How many hours of the work week are actually efficient?

(BUSINESS MARKETING) Working more for that paycheck, more hours each week, on the weekends, on holidays can actually hurt productivity. So don’t do that, stay efficient.



Clock pointed to 5:50 on a plain white wall, well tracked during the week.

Social media is always flooded with promises to get in shape, eat healthier and… hustle?

In hustle culture, it seems as though there’s no such thing as too much work. Nights, weekends and holidays are really just more time to be pushing towards your dreams and hobbies are just side hustles waiting to be monetized. Plus, with freelancing on the rise, there really is nothing stopping someone from making the most out of their 24 hours.

Hustle culture will have you believe that a full-time job isn’t enough. Is that true?

Although it’s a bit outdated, Gallup’s 2014 report on full-time US workers gives us an alarming glimpse into the effects of the hustle. For starters, 50% of full-time workers reported working over 40 hours a week – in fact, the average weekly hours for salaried employees was up to 49 hours.

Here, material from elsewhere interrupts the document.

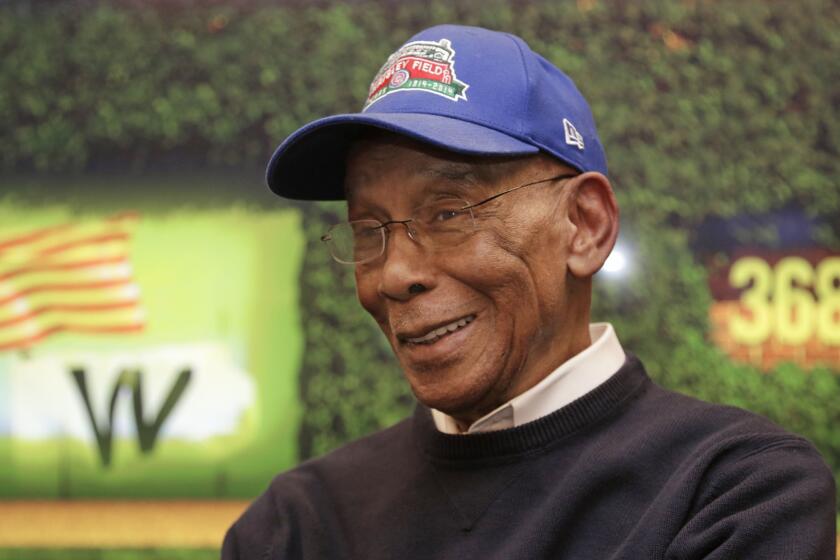 Ernie Banks talks during an interview at Wrigley Field in March 2014.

So, what’s the deal with 40 hours anyway? The 40 hour work-week actually started with labor rights activists in the 1800s pushing for an 8 hour workday. In 1817, Robert Owen, a Welsh activist, reasoned this workday provided: “eight hours labor, eight hours recreation, eight hours rest.”

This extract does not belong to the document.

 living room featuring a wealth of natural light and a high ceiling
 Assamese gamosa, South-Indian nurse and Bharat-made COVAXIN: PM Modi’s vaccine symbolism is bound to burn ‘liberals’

If you do the math, that’s a whopping 66% of the day devoted to personal needs, rather than labor!

Of course, it’s only natural to be skeptical of logic from two centuries ago coloring the way we do business in the 21st century. For starters, there’s plenty of labor to be done outside of the labor you’re paid to do. Meal prep, house cleaning, child care… that’s all work that needs to be done. It’s also all work that some of your favorite influencers are paying to get done while they pursue the “hustle.” For the average human, that would all be additional work to fall in the ‘recreation’ category.

But I digress. Is 40 hours a week really enough in the modern age? After all, average hours in the United States have increased.

Well… probably not. In fact, when hours are reduced (France, for instance, limited maximum hours to 35 hours a week, instead of 40), workers are not only more likely to be healthier and happier, but more efficient and less likely to miss work!

So, instead of following through with the goal to work more this year, maybe consider slowing the hustle. It might actually be more effective in the long run!